→ Problem description
Copy the lines below verbatim. Begin with the first and end with the line containing "Opony zimowe 215 65 16c Nokian".
----
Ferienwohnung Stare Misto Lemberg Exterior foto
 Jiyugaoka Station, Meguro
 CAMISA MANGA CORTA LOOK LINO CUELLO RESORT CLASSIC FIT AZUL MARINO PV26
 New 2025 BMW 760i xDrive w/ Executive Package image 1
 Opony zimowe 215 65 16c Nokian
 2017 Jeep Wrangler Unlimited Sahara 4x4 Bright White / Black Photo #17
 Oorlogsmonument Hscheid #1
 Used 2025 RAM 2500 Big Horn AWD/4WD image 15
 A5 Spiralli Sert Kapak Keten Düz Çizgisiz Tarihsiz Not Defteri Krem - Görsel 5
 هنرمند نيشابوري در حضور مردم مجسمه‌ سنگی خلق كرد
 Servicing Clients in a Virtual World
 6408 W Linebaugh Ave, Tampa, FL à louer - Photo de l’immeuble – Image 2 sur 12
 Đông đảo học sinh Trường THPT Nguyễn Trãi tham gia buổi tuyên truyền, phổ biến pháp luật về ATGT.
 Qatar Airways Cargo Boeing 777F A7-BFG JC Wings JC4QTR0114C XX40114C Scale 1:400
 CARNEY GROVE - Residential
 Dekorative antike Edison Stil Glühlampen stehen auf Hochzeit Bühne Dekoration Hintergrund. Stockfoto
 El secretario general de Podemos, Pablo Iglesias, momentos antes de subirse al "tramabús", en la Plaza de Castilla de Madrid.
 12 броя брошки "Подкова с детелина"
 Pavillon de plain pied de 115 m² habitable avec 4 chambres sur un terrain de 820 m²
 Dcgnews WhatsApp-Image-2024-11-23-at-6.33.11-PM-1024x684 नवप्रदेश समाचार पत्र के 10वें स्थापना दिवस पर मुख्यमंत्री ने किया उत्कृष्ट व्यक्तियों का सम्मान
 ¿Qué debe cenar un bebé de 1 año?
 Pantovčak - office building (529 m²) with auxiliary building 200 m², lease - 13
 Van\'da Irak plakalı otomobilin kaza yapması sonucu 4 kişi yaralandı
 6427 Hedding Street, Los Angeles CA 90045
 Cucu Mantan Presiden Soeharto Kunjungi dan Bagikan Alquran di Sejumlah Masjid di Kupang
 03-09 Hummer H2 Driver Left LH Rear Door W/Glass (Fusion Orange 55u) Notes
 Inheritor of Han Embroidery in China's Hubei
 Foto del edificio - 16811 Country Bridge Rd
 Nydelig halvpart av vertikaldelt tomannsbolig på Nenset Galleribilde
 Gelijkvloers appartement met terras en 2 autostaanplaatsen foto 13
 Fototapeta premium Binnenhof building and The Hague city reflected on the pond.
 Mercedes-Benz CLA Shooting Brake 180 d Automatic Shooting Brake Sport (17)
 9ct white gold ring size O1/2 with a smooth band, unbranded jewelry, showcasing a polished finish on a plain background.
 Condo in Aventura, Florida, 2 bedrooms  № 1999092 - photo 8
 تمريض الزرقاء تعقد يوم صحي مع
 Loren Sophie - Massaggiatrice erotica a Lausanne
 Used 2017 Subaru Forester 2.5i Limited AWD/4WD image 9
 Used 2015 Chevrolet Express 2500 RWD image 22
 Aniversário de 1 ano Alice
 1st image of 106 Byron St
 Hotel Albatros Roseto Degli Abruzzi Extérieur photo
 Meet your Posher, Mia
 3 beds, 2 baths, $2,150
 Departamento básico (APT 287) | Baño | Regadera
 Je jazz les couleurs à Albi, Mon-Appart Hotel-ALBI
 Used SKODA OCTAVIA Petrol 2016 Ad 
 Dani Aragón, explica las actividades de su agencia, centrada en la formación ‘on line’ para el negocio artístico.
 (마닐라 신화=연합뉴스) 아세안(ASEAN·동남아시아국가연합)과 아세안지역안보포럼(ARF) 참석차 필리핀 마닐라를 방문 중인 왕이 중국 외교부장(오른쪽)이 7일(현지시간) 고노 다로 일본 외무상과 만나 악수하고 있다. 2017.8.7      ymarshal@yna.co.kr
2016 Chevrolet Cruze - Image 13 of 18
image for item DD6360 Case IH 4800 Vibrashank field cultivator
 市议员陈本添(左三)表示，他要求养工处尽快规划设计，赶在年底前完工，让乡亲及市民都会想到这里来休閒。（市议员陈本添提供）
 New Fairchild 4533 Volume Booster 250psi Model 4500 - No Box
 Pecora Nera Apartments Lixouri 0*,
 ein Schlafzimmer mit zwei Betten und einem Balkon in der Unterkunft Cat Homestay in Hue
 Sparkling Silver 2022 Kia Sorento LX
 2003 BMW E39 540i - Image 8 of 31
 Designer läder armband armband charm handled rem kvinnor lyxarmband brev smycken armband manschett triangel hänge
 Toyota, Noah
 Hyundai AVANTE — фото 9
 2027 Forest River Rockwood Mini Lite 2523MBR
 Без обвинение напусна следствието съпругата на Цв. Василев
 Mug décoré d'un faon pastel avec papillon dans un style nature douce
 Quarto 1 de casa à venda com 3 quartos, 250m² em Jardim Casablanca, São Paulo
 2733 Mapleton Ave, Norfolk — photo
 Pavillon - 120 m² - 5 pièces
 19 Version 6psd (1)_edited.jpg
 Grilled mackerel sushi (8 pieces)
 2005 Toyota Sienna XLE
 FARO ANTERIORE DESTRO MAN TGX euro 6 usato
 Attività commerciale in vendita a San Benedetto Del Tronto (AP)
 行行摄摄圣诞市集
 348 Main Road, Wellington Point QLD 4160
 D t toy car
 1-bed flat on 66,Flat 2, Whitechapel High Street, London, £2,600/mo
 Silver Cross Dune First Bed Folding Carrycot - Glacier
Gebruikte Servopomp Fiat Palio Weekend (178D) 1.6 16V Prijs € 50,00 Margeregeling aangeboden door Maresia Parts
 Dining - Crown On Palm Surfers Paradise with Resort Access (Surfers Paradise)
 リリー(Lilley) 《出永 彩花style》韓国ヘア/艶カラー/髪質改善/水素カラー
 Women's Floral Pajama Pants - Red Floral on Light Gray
----
→ Output
Ferienwohnung Stare Misto Lemberg Exterior foto
 Jiyugaoka Station, Meguro
 CAMISA MANGA CORTA LOOK LINO CUELLO RESORT CLASSIC FIT AZUL MARINO PV26
 New 2025 BMW 760i xDrive w/ Executive Package image 1
 Opony zimowe 215 65 16c Nokian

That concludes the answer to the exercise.